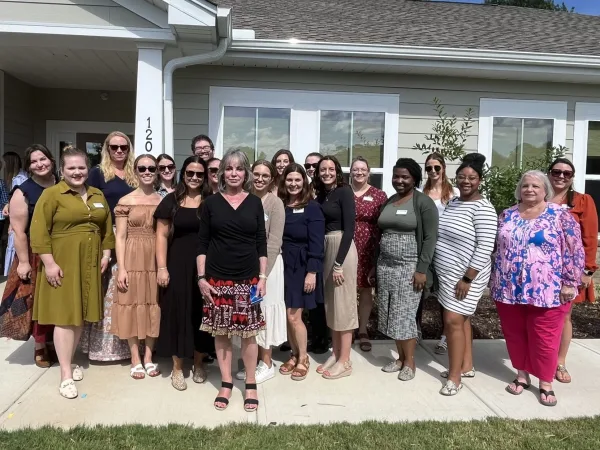 Community Spotlight: The Kay Phillips Child Advocacy Center supports victims of abuse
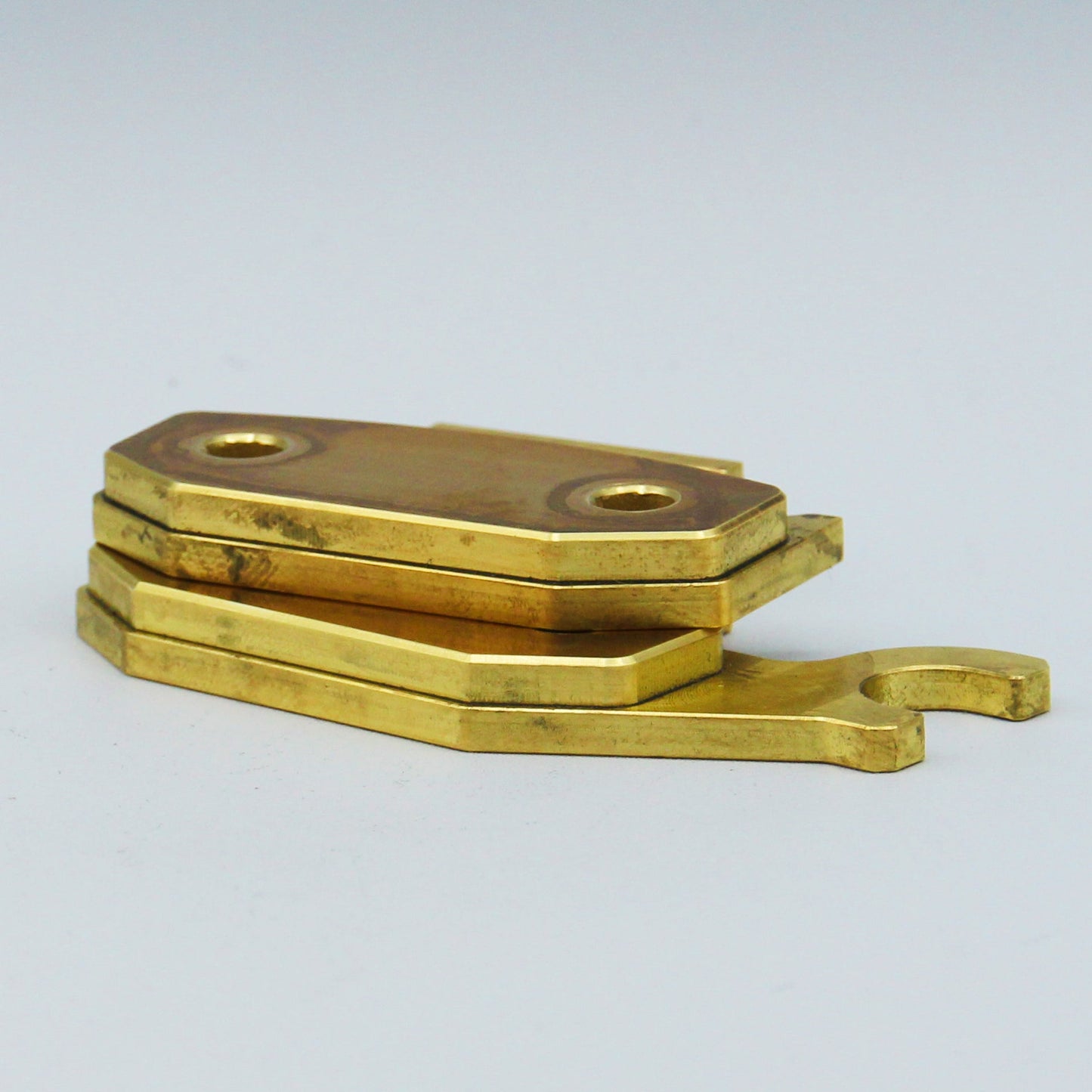 Can-Am Maverick MAX/XDS/XMR 2013-2018 Brass Brake Pad Set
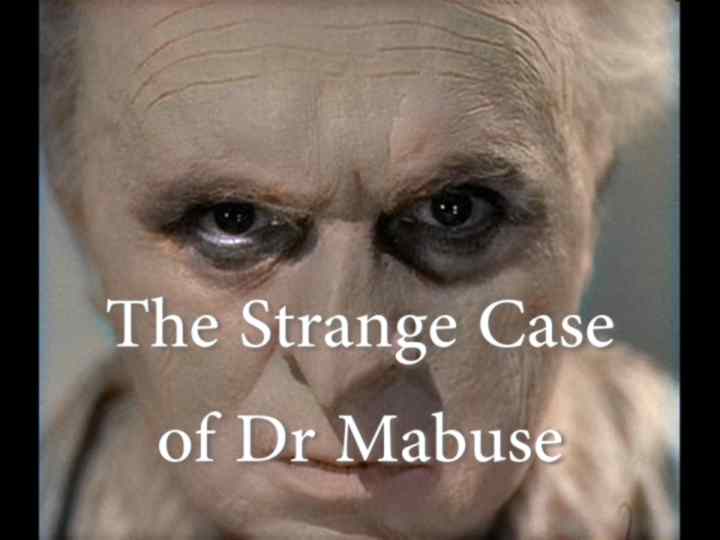 Dr. Mabuse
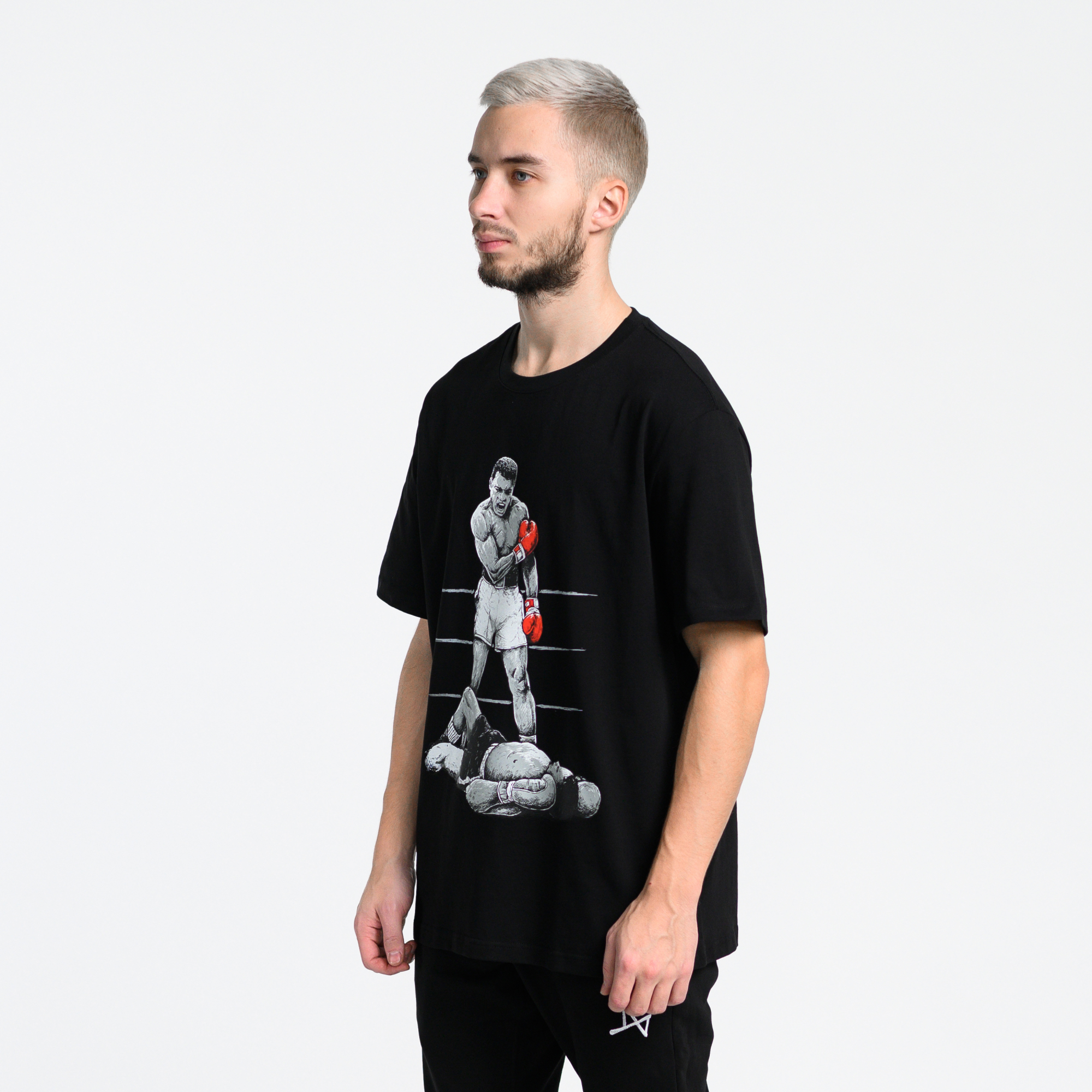 Футболка Muhammad Ali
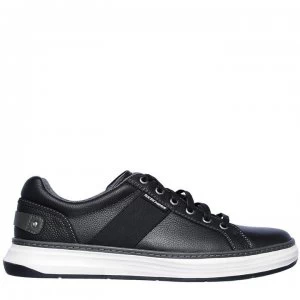 Skechers Moreno Winsor Trainers Mens - Black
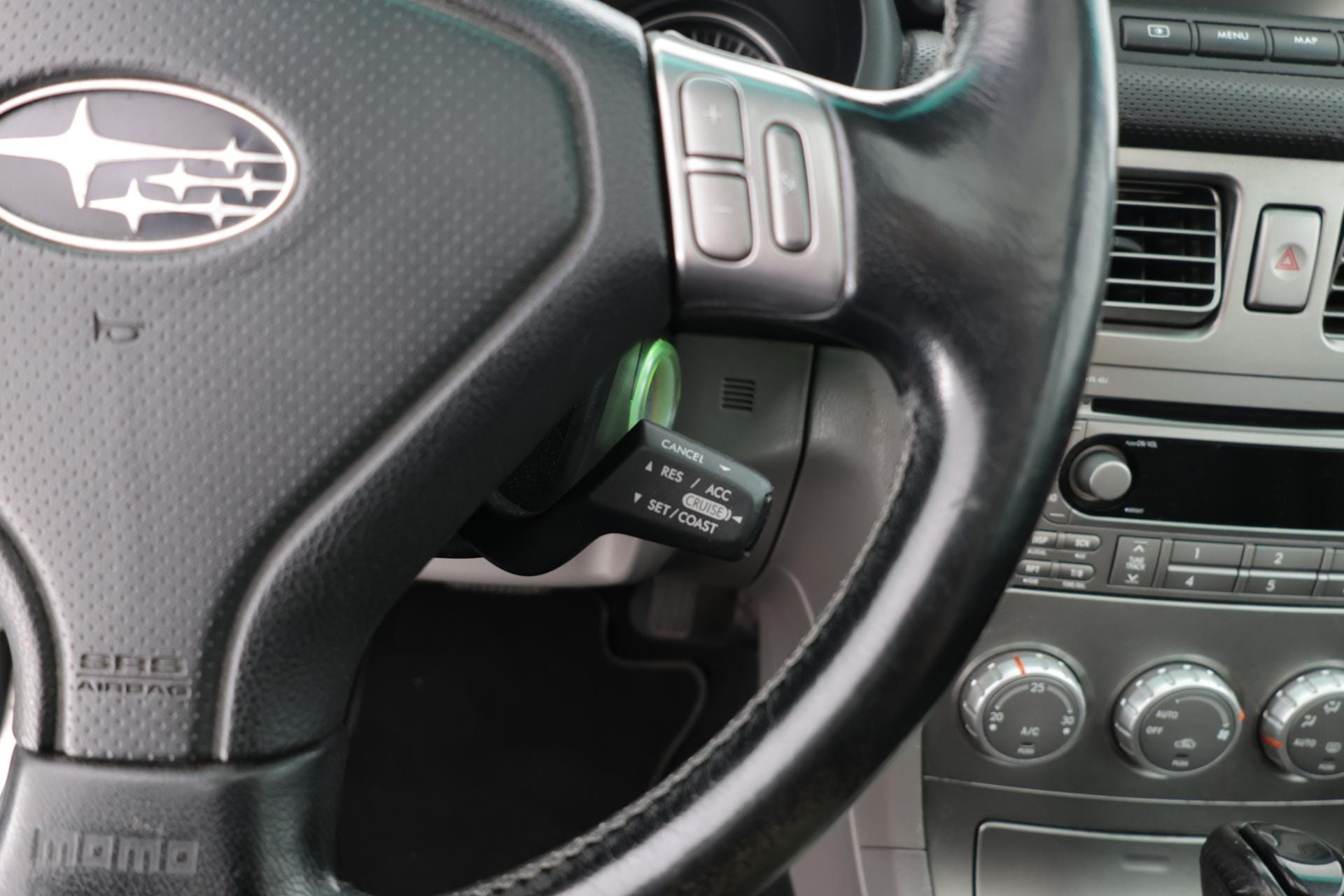 Myydään Subaru Forester 2007 11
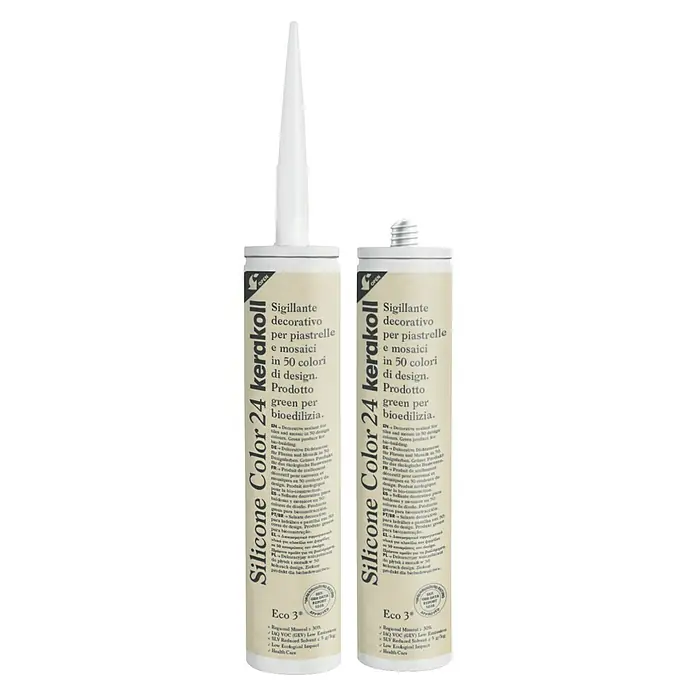Kerakoll Silicona Silicone Color 24 - Tono de color: 24, 310 ml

════════════════════

TASK :: Please copy exactly the lines from the one containing "Skechers Moreno Winsor Trainers Mens - Black" through the last line of the records above, both included, and leave out any pictures.

ANSWER FOR THIS EXERCISE ::
 Skechers Moreno Winsor Trainers Mens - Black
 Myydään Subaru Forester 2007 11
Kerakoll Silicona Silicone Color 24 - Tono de color: 24, 310 ml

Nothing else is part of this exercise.